- [DATASET SECTION]:
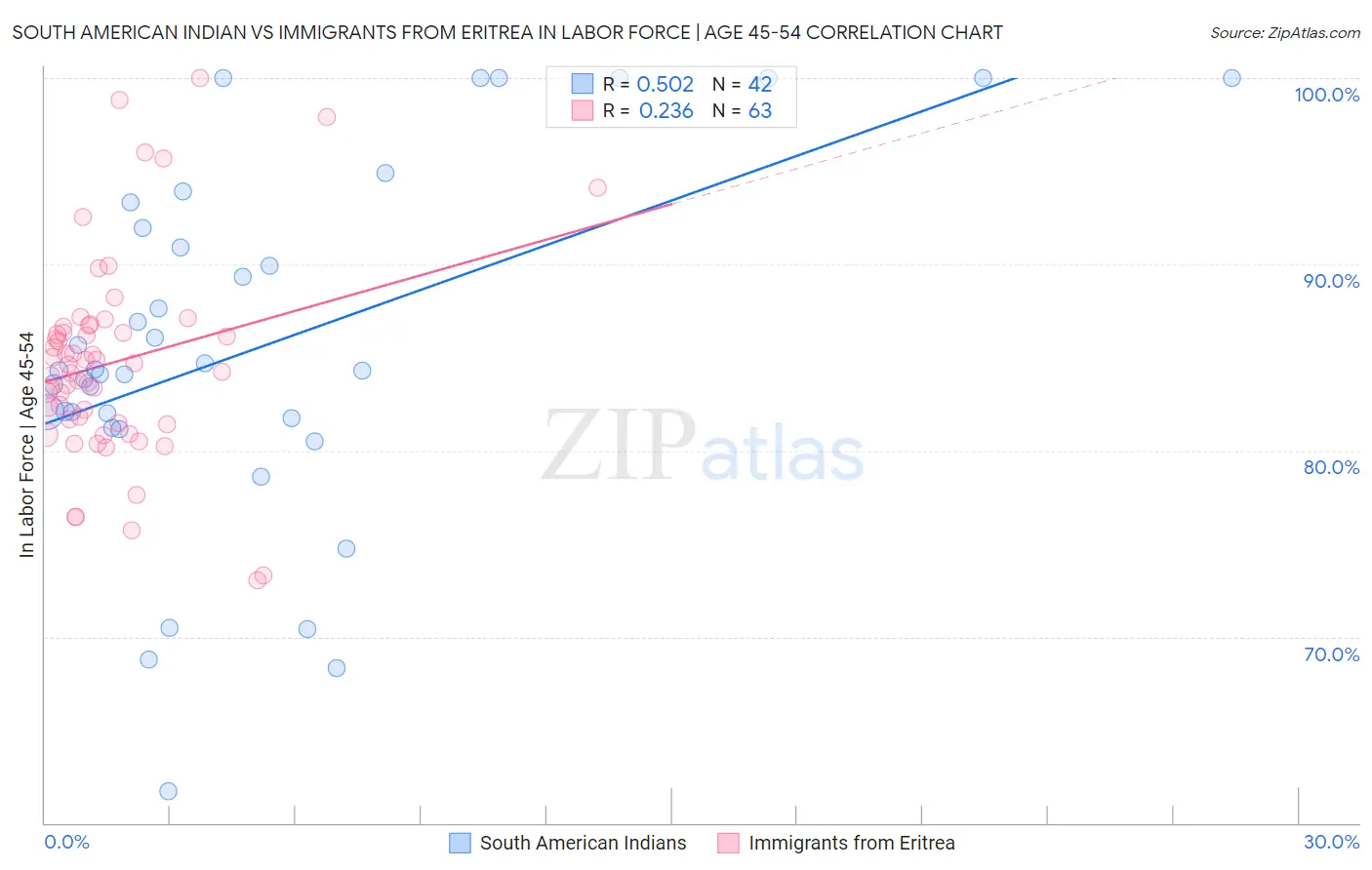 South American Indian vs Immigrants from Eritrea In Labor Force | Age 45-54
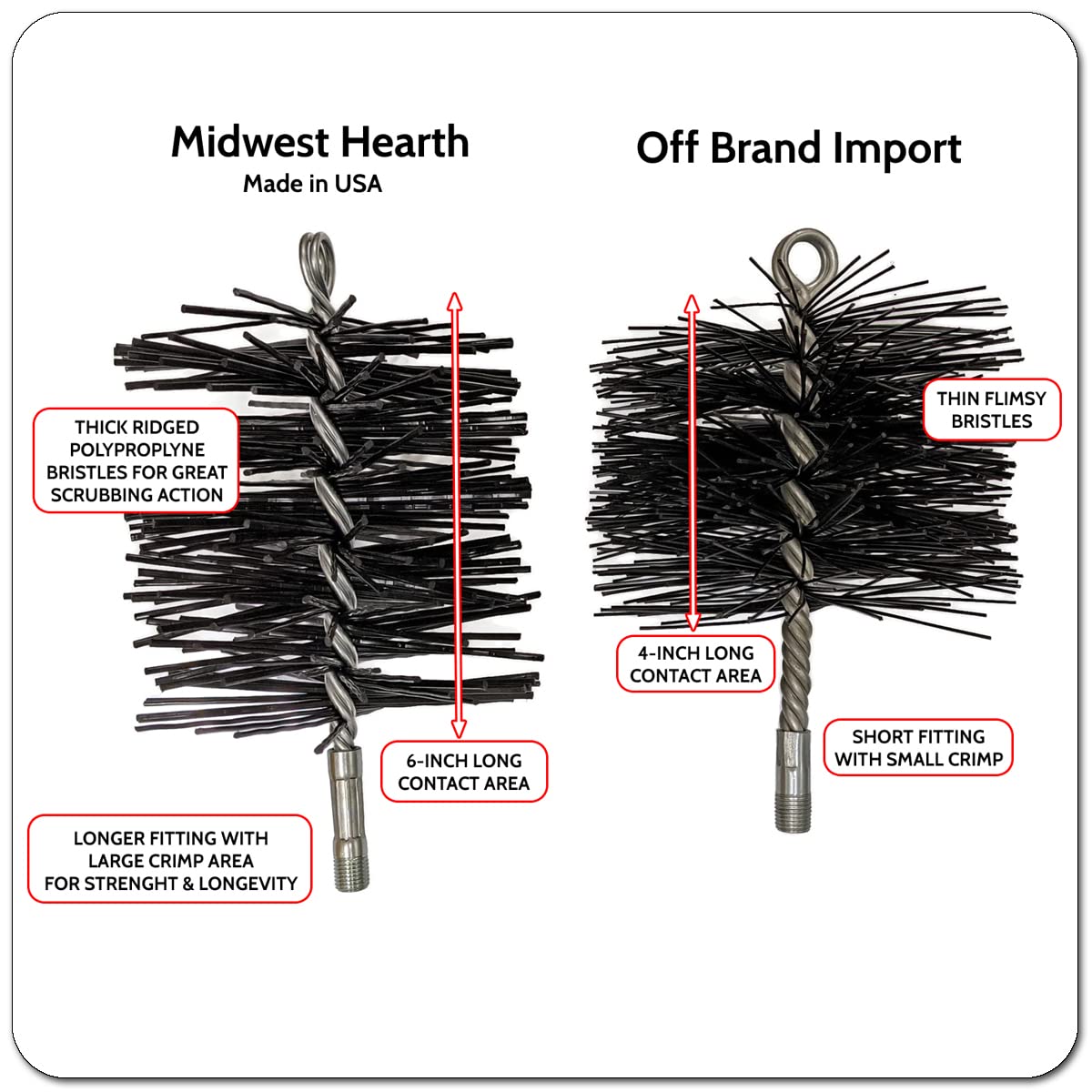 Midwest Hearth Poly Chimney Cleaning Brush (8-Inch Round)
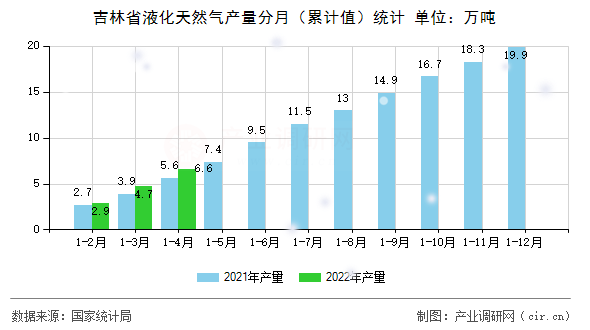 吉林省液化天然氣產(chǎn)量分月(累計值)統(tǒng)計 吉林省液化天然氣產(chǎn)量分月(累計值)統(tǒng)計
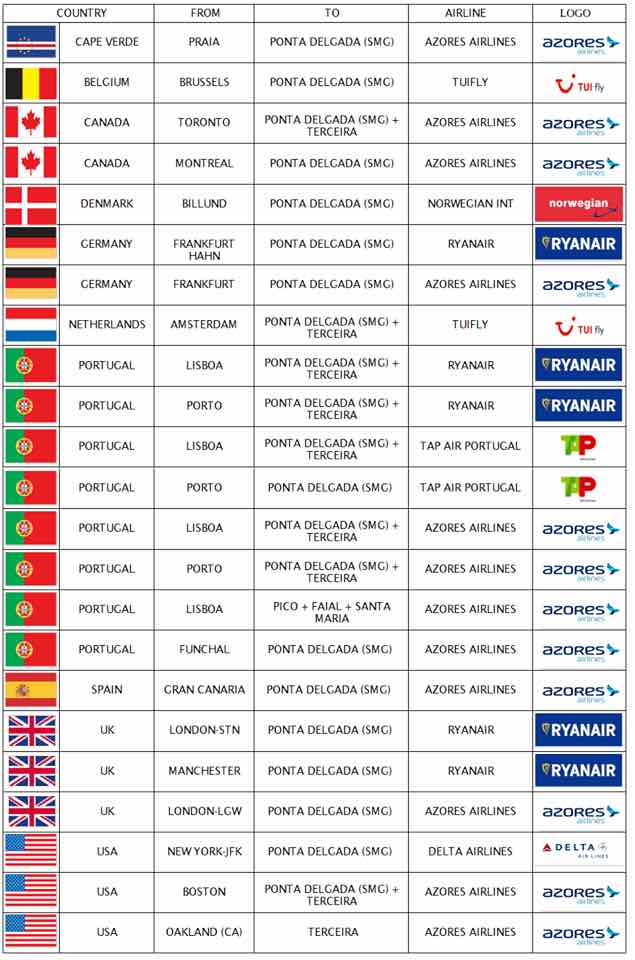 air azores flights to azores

- [WHAT YOU ARE ASKED TO DO]: Before copying the data, remove the pictures. Then repeat the rest exactly.

- [TASK OUTPUT]:
 South American Indian vs Immigrants from Eritrea In Labor Force | Age 45-54
 Midwest Hearth Poly Chimney Cleaning Brush (8-Inch Round)
 吉林省液化天然氣產(chǎn)量分月(累計值)統(tǒng)計 吉林省液化天然氣產(chǎn)量分月(累計值)統(tǒng)計
 air azores flights to azores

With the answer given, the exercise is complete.